Leave the pictures in the listing below aside and reproduce exactly the lines starting with the one with "Nahaufnahme einer rosa" and going on through the one with "TABLE FULL OF GRINDING WHEELS", both ends included.

__The data__.
═══

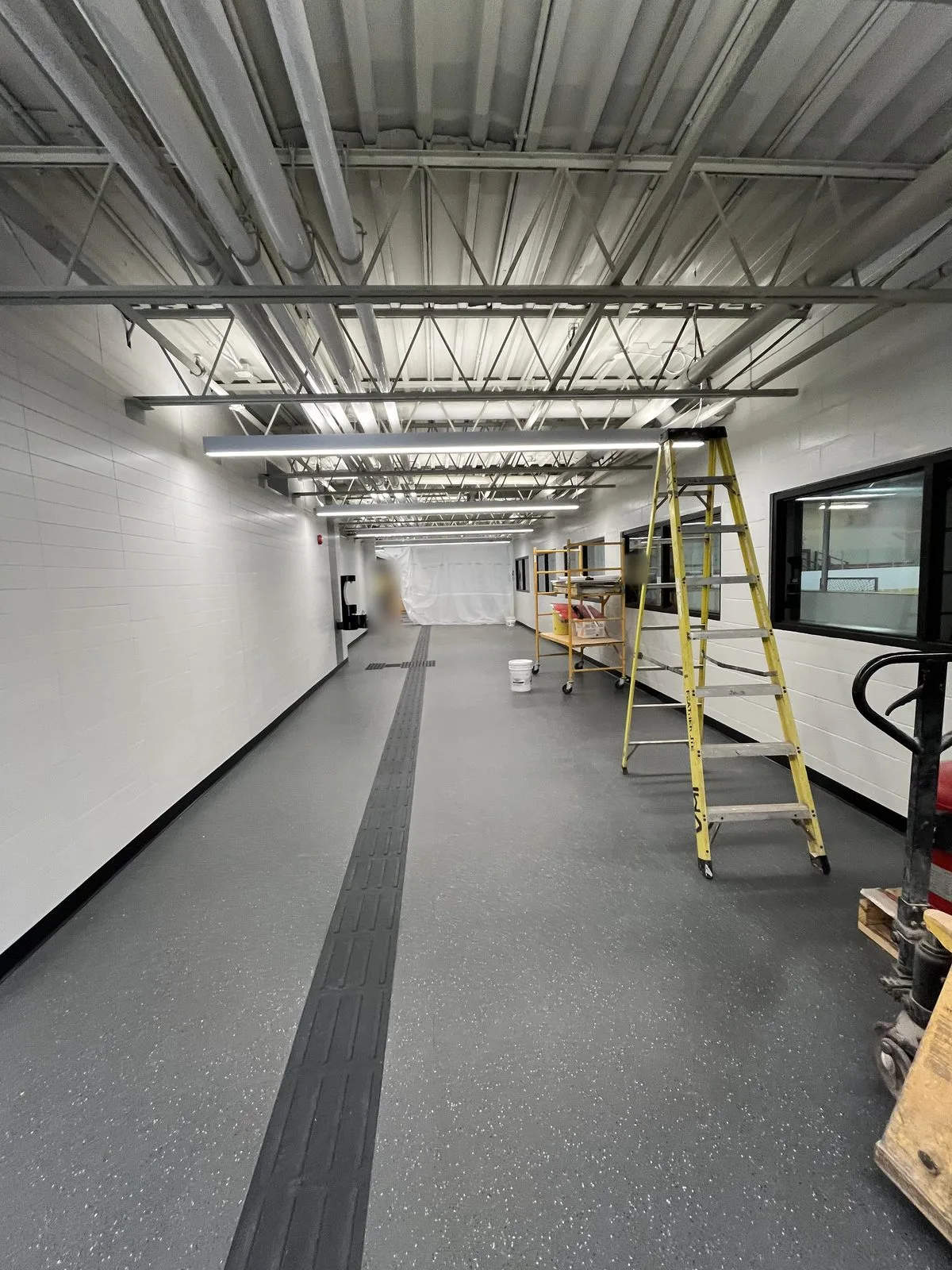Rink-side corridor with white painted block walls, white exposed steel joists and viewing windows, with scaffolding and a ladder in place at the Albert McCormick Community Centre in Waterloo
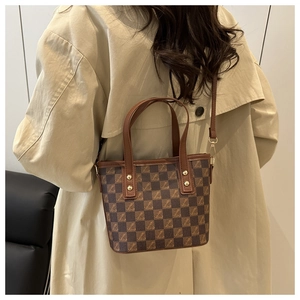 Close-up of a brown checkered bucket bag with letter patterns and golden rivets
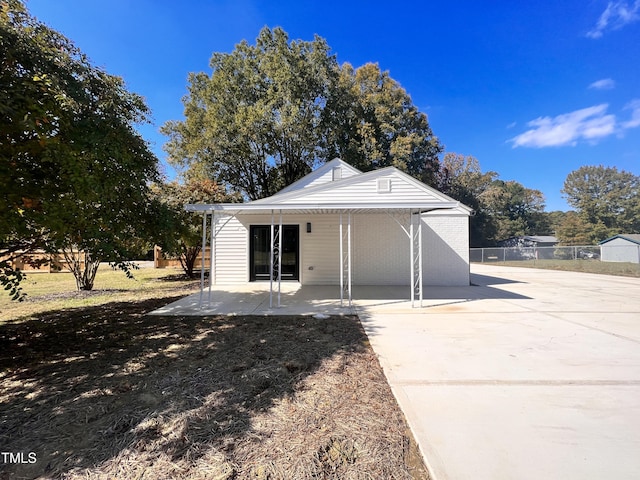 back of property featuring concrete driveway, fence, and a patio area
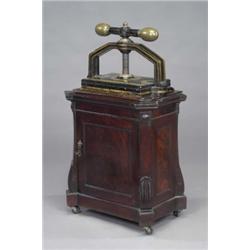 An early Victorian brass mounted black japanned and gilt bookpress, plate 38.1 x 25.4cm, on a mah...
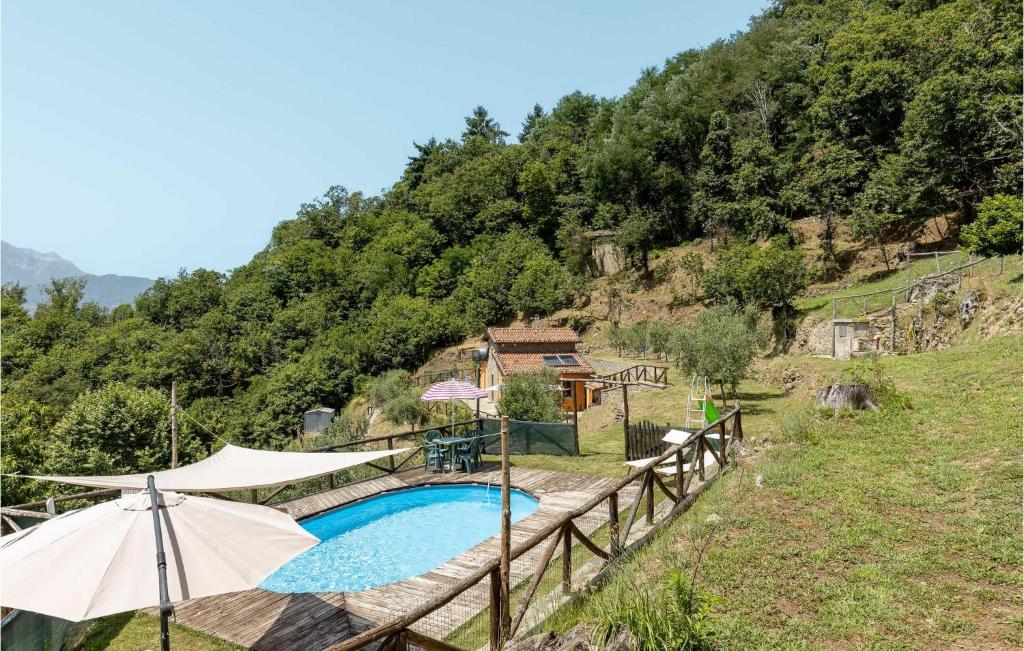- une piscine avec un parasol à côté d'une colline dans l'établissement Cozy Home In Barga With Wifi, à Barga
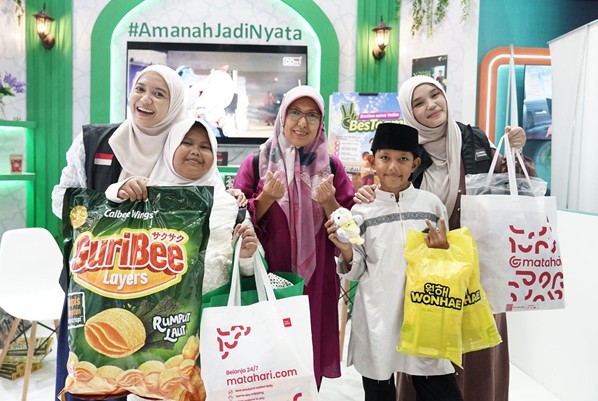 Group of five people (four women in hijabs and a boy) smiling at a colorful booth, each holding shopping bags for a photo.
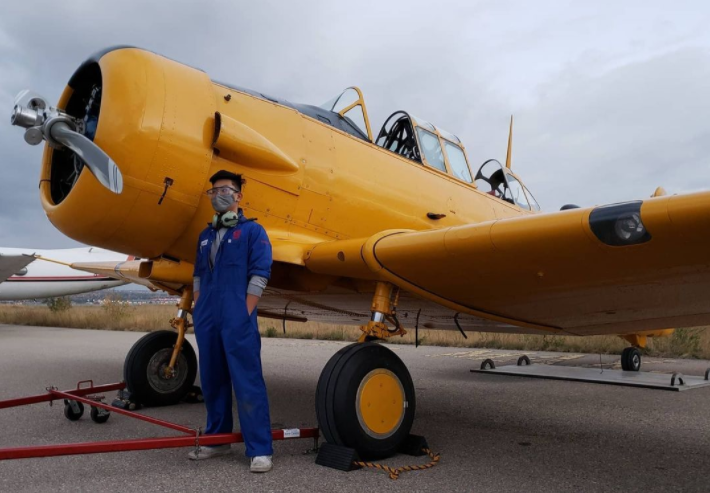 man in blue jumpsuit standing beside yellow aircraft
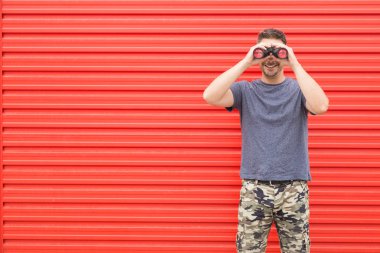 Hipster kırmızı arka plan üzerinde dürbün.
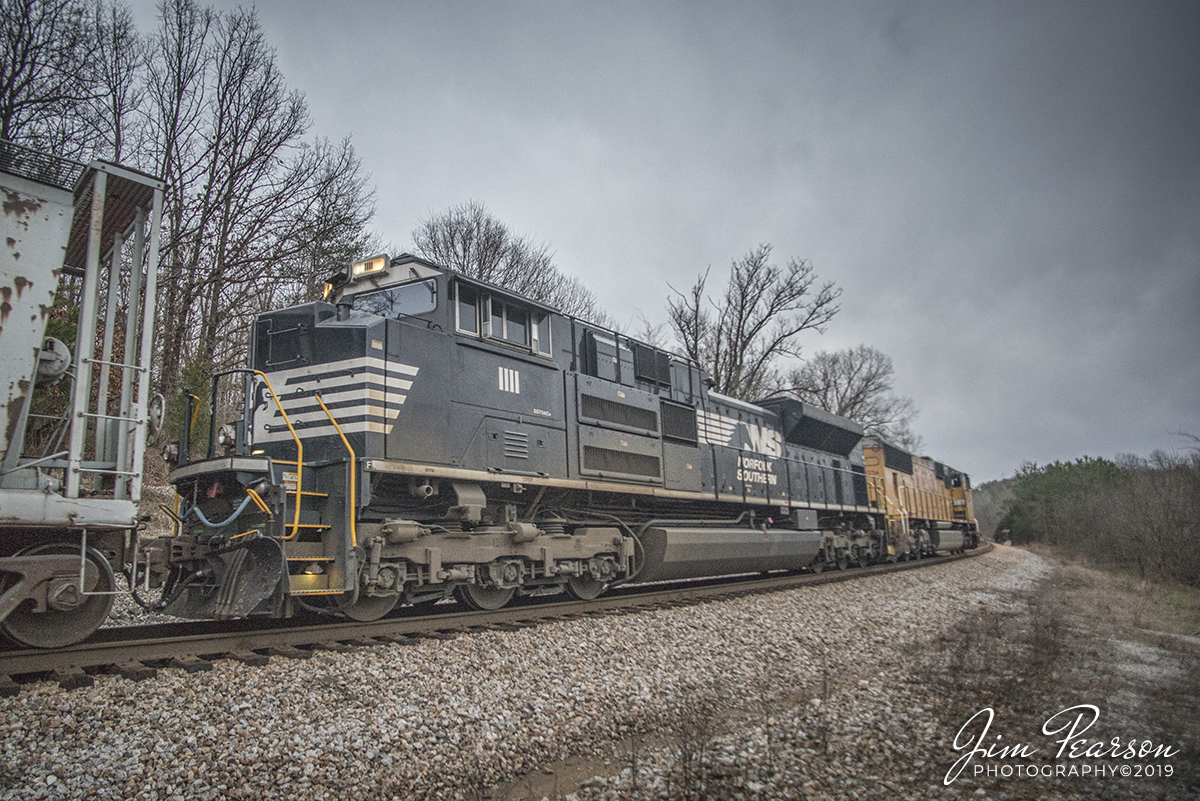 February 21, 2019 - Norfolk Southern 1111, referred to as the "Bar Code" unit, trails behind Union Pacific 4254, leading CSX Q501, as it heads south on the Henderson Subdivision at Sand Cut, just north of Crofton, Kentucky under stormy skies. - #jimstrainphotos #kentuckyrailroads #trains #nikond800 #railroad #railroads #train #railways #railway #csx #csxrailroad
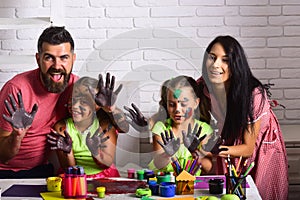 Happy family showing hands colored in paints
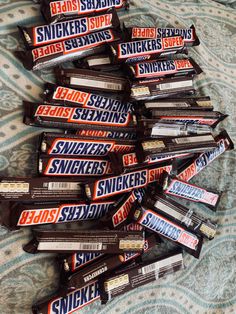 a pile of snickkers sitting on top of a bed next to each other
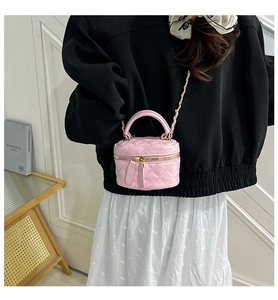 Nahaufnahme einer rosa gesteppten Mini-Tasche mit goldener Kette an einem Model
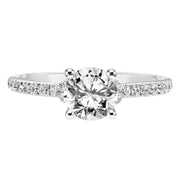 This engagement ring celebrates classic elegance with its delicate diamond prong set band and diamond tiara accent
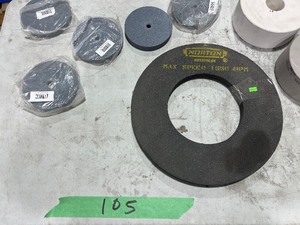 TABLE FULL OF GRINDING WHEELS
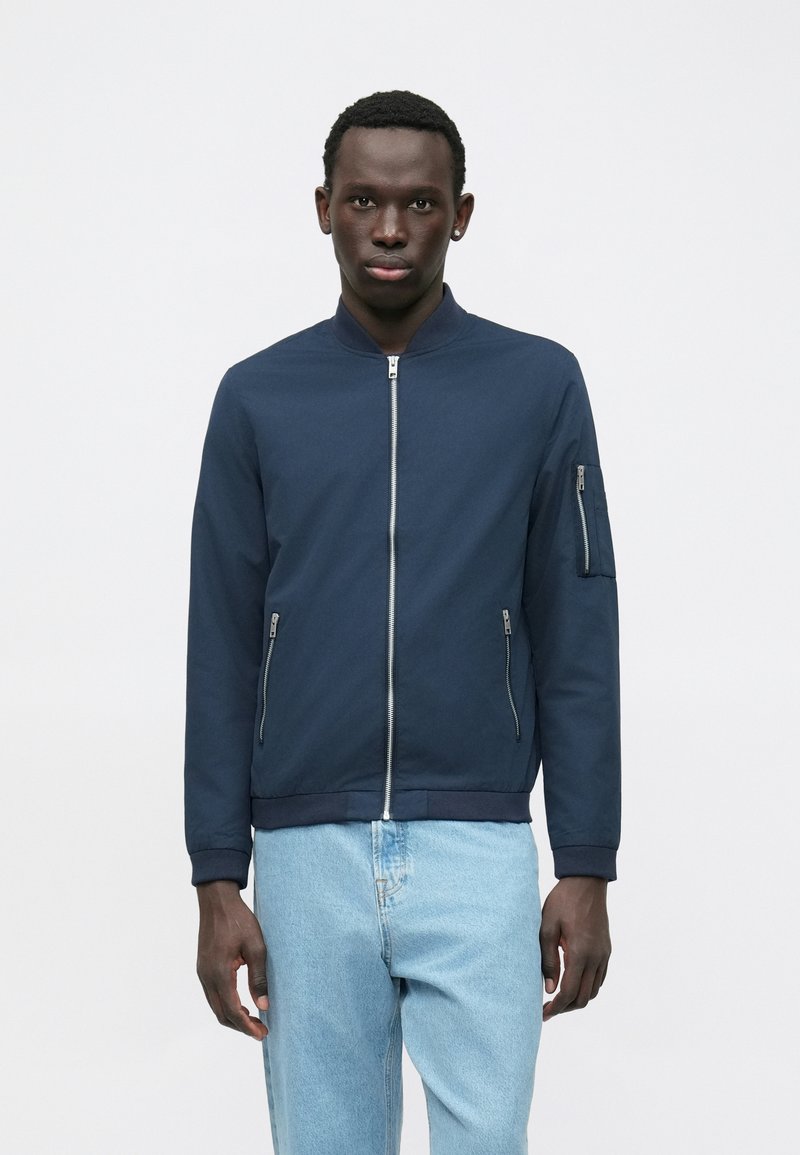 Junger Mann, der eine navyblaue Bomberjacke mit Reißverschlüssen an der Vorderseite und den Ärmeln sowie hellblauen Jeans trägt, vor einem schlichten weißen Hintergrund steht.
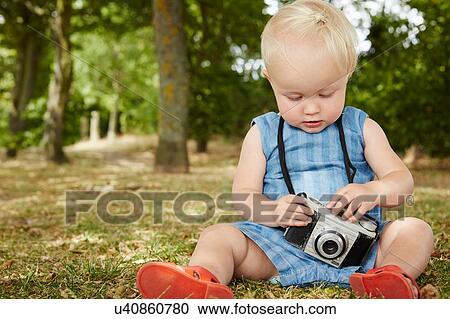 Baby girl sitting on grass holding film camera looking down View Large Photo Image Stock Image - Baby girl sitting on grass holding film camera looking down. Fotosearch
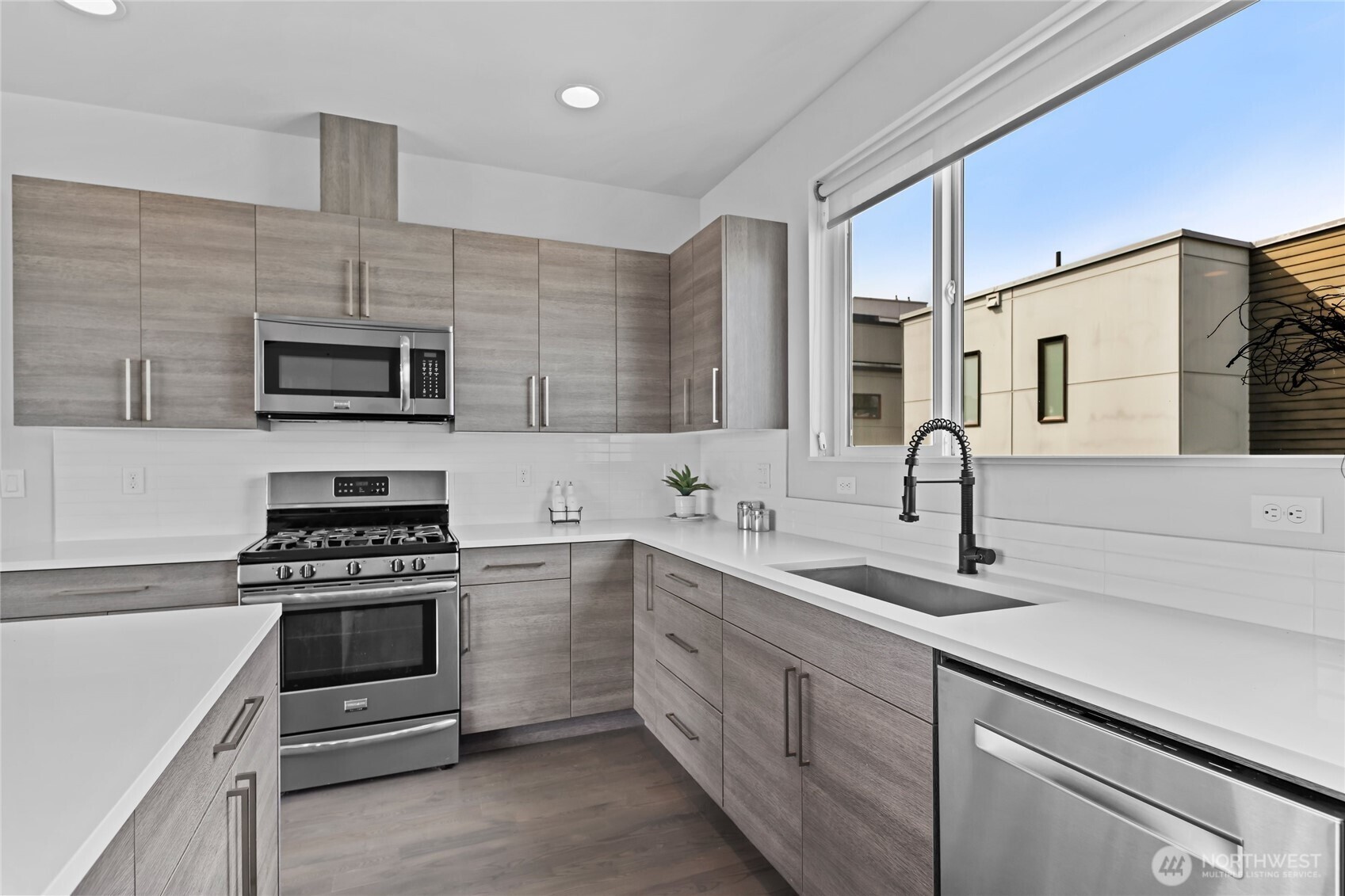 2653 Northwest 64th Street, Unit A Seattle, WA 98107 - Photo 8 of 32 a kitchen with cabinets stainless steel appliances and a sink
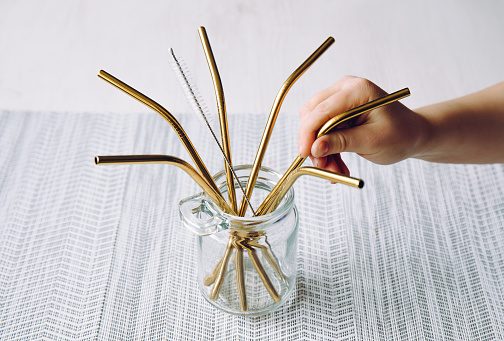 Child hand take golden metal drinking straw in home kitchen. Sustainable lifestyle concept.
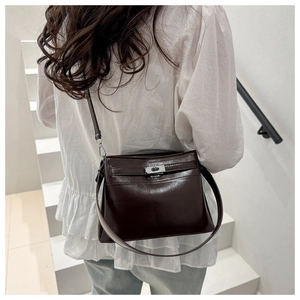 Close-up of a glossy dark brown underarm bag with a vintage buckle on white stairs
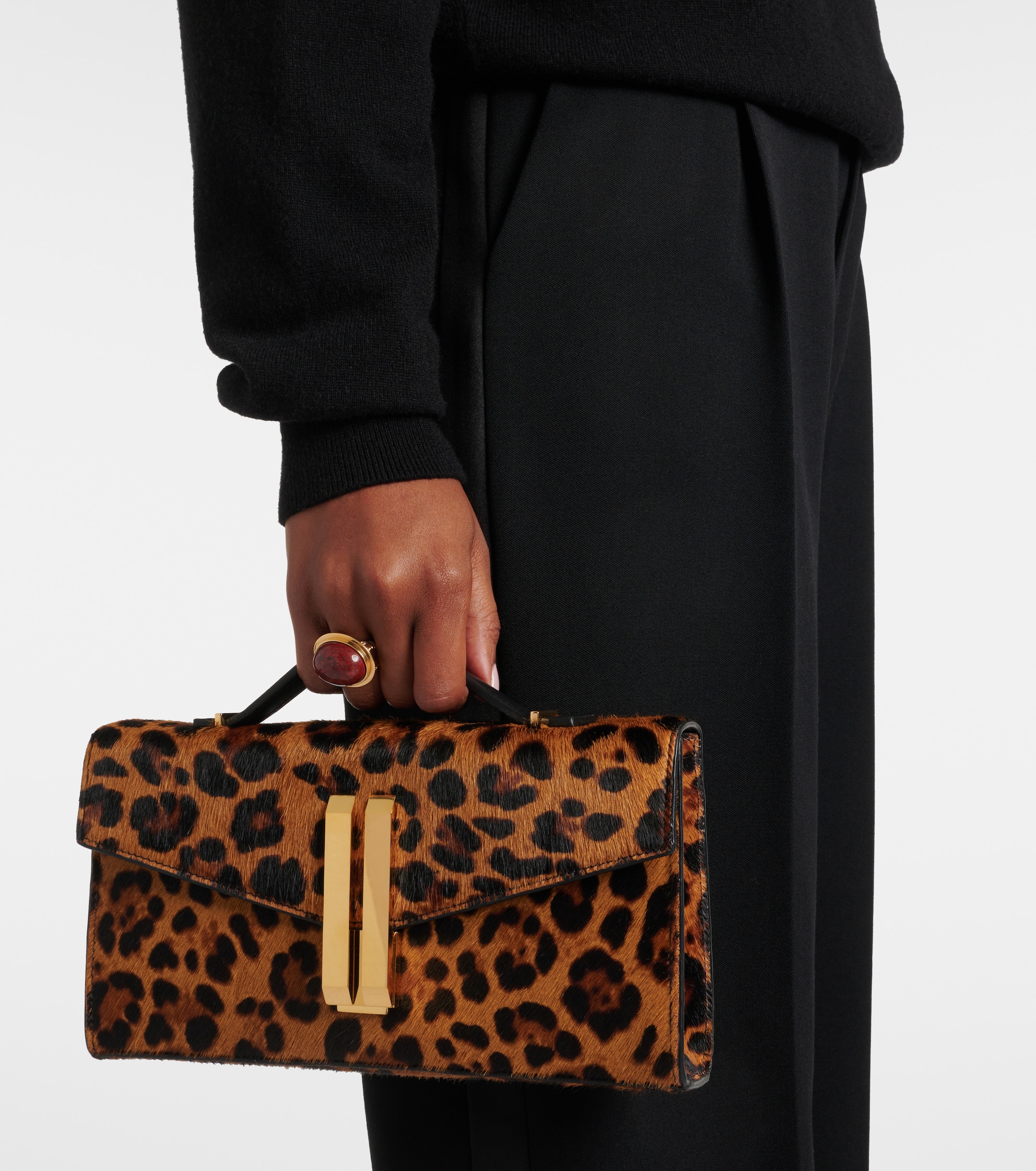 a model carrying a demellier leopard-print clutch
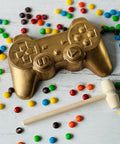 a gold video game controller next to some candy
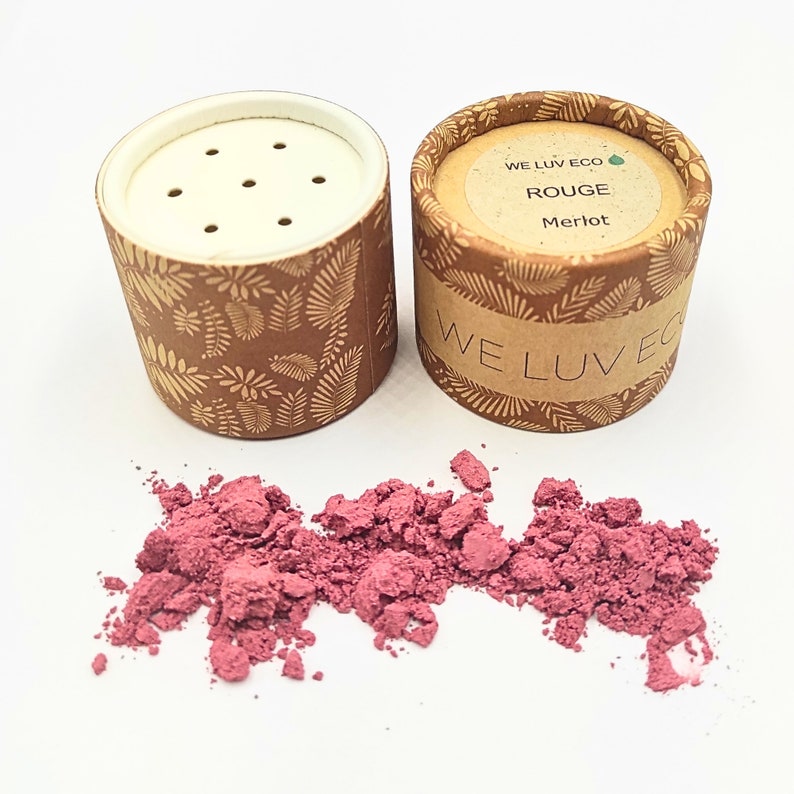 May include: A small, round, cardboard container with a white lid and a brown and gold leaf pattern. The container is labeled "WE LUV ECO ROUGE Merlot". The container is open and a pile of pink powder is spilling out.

═══

__Your solution__.
 Nahaufnahme einer rosa gesteppten Mini-Tasche mit goldener Kette an einem Model
 This engagement ring celebrates classic elegance with its delicate diamond prong set band and diamond tiara accent
 TABLE FULL OF GRINDING WHEELS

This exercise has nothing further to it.